After Stanley wins "fine work" and gripes in an acceptance speech (the first of the night) that last year he got "great work," Michael announces that the next award goes to Pam, whose drunken laughter over Stanley's speech immediately seizes into expectant dread. She has won...the "whitest sneakers award!" She gives an exuberant speech, really playing off the award show cliches that Michael tries to lampoon but doesn't understand parody enough to be able to. Everyone applauds and enjoys. She hugs Michael and kisses him on the cheek, and returns to the table where she hugs Jim and kisses him...on the lips. Again, SO MUCH of this show isn't just what's happening but that it's happening with other people watching. All their co-workers in the background hit various levels of "woahhhh" and Jim awkwardly walks back around the table to his seat with a struggling mixture of "wish the BEST MOMENT of my LIFE didn't just take place in front of EVERYONE."


18:06 - Just need to mention that Jenna Fischer's drunk acting where she's just sitting there staring at Jim and over-nodding as he talks to the camera is amazing. Also, fun-fact, we learn in a talking-head with the Chili's manager that she is now banned for life from Chili's for sneaking drinks off other people's tables to get around serving limits. A pity there'll never be a scene where she, Jim, and the kids are on a family road trip and desperate for somewhere to stop for food but the only places they can find are all Chili's.

20:23 -  Here at the end, Jim is sitting with Pam while she waits for Angela to give her a ride home. Pam reveals (to us) that she wrote the graffiti about Michael in the women's room and she feels bad, but laughs in agreement when Jim say no she doesn't. Sure she stepped in to save Michael's feelings when he was heckled by outsiders, but he's still the oblivious jerk of a boss who pressed on the bruise of her engagement and made her watch tapes of his bad jokes all day before watching them live that night. Angela's car eventually arrives and Jim walks Pam toward the passenger door, before Pam stops him. "Hey, um, can I ask you a question?" before looking towards the camera and following up with, "I just wanted to say thanks."

Maybe the fact that I study interaction is why I love this show so much. It's pretty common in sitcoms for coincidence and contrivances to act as the antagonist. Everything is strained misunderstandings and eventually The Office has it's share of them (especially with Jim & Pam).
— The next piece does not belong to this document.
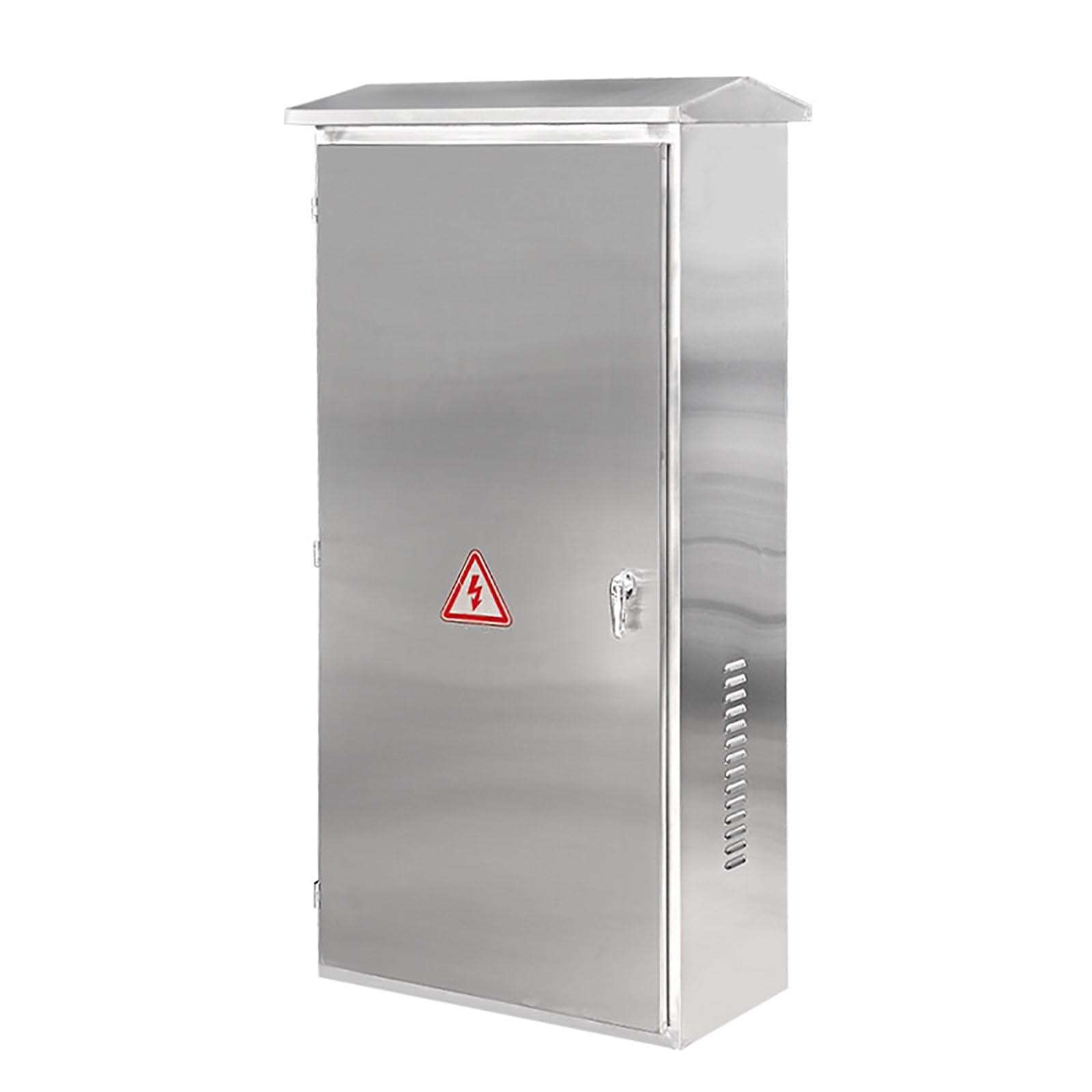 Armario Electrico de Acero Inoxidable 304, Caja Estanca Exterior Electrica IP65, Caja Distribucion Electrica en Suelo con Placa de Montaje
In season 2 though the "big bad" tends to be context. Pam abandons her question (and every time it kills me not to hear what it was) because they are on camera. She doesn't chicken out, or hold back for drama's sake. Even though her shyness has gone with her sobriety (which is what allowed her to rescue Michael) she still knows whatever she was going to ask should be asked in private, and they don't get to have that privacy with their relationship being an office friendship. Throughout the season we'll see moments where what holds them apart is understanding rather than misunderstanding, avoiding the usual "oh COME ON you IDIOTS!" frustration that comes with watching characters think and act like characters, living lives where nothing can be solved before the finale and behavior has to follow the plot rather than logic.
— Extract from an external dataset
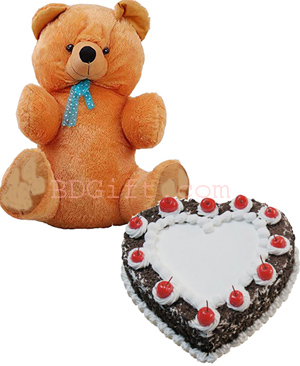 Bear W/ Cake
I doubt every post in his re-watch will be THIS massive. I just had a lot of pent up feelings about what made this show so great I guess. Hopefully it was somewhat interesting. Usually I give things the thumbs up/down ratings of my TiVo but I feel too close to this material to rate it (plus Netflix uses five stars rather than three thumbs). So I'm going to try and rank them, even just out of my own curiosity for where things end up. Congrats to "The Dundies" for shooting right to #1!